Re: KPROBES: Instrumenting a function's call site

From: Keshavamurthy, Anil S
Date: Wed Sep 26 2007 - 13:33:32 EST

On Wed, Sep 26, 2007 at 10:09:33AM +0530, Ananth N Mavinakayanahalli wrote:
> On Tue, Sep 25, 2007 at 06:12:38PM -0400, Avishay Traeger wrote:
> > Hello,
> > I am trying to use kprobes to measure the latency of a function by
> > instrumenting its call site. Basically, I find the call instruction,
> > and insert a kprobe with a pre-handler and post-handler at that point.
> > The pre-handler measures the latency (reads the TSC counter). The
> > post-handler measures the latency again, and subtracts the value that
> > was read in the pre-handler to compute the total latency of the called
> > function.
> This sounds ok...

So what you are really measuring is the latency of just that single
instruction where you have inserted the probe i.e. because your
pre-handler is called just before the probed instruction is executed and
your post-handler is called right after you probed instruction is single-stepped.

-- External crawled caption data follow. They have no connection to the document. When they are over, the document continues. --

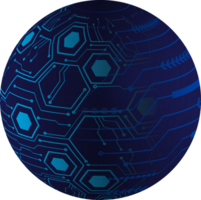 globe de technologie moderne png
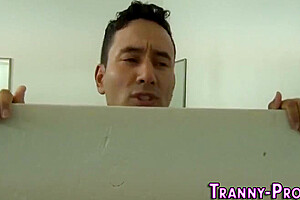 Kinky Tgirl Gets Railed And Sucks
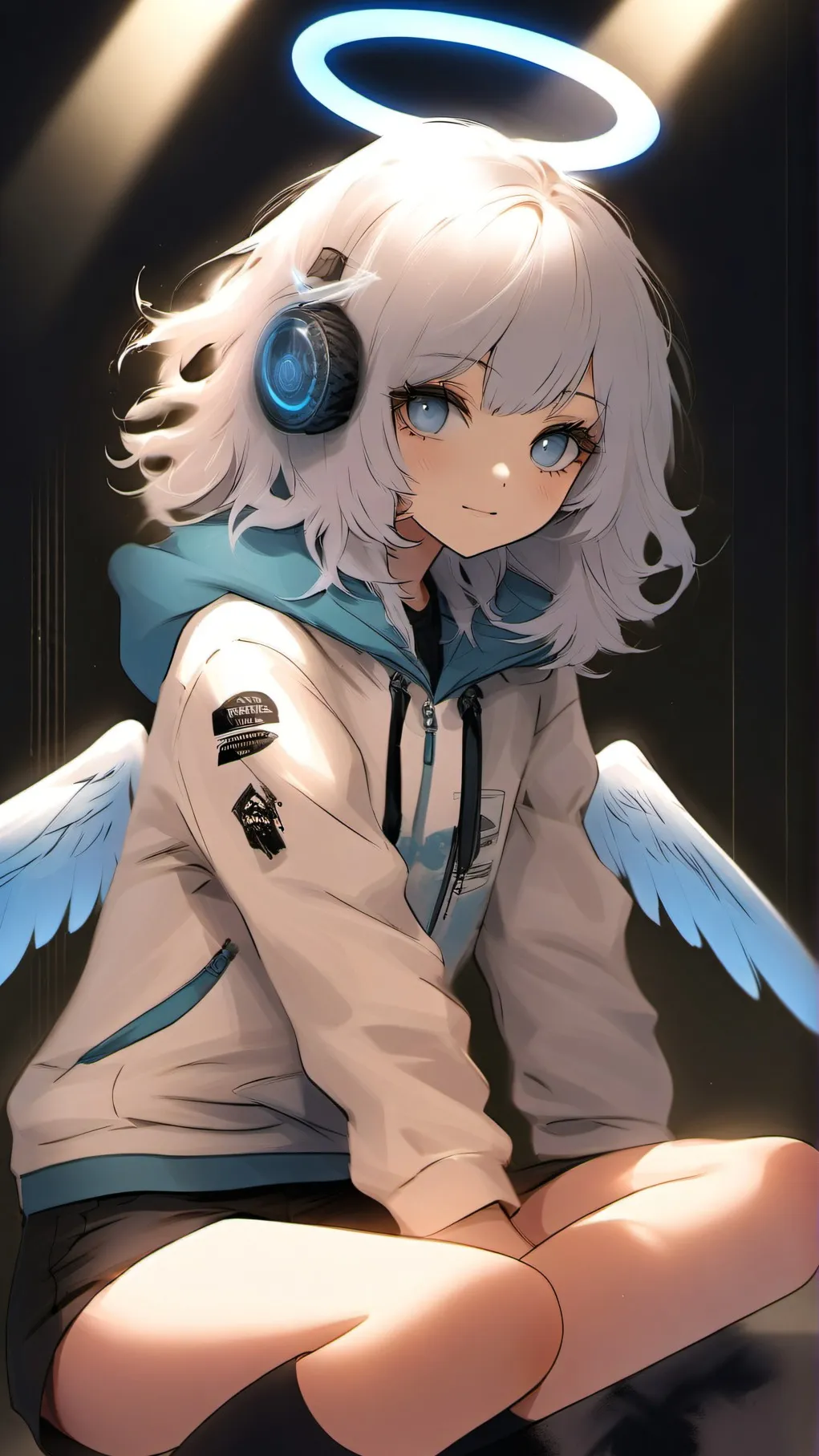 ai character: Angel Drone background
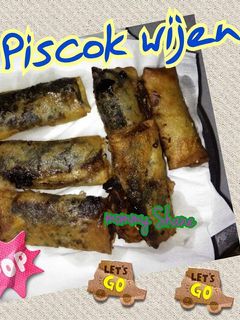 Foto resep Pisang coklat wijen simple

> > So to measure the latency of foo(), I basically want kprobes to do this:
> > pre_handler();
> > foo();
When you insert a probe, you are inserting probe on an instruction boundary
and not at function level.
> > post_handler();

Hence the above looks like

Probed-instruction; // most likely the first instruction in the foo();

> >
> > The problem is that the latencies that I am getting are consistently low
> > (~10,000 cycles). When I manually instrument the functions, the latency
> > is about 20,000,000 cycles. Clearly something is not right here.
As I mentioned above what you are seeing is the latency of just the
probed instruction and hence it is very very low compared to
the latency of the function foo().

> You could try a a couple of approaches for starters.
I agree with Ananth, you can try the below approaches
for your measurements.

> a. As you mention above, a kprobe on the function invocation and the
> other on the instruction following the call; both need just pre_handlers.
> b.
> - Insert a kprobe and a kretprobe on foo()
> - The kprobe needs to have only a pre_handler that'll measure the latency
> - A similar handler for the kretprobe handler can measure the latency
> again and their difference will give you foo()'s latency.
> <b> though will require you to do some housekeeping in case foo() is
> reentrant to track which return instance corresponds to which call.
> Ananth
> PS: There was a thought of providing a facility to run a handler at
> function entry even when just a kretprobe is used. Maybe we need to
> relook at that; it'd have been useful in this case.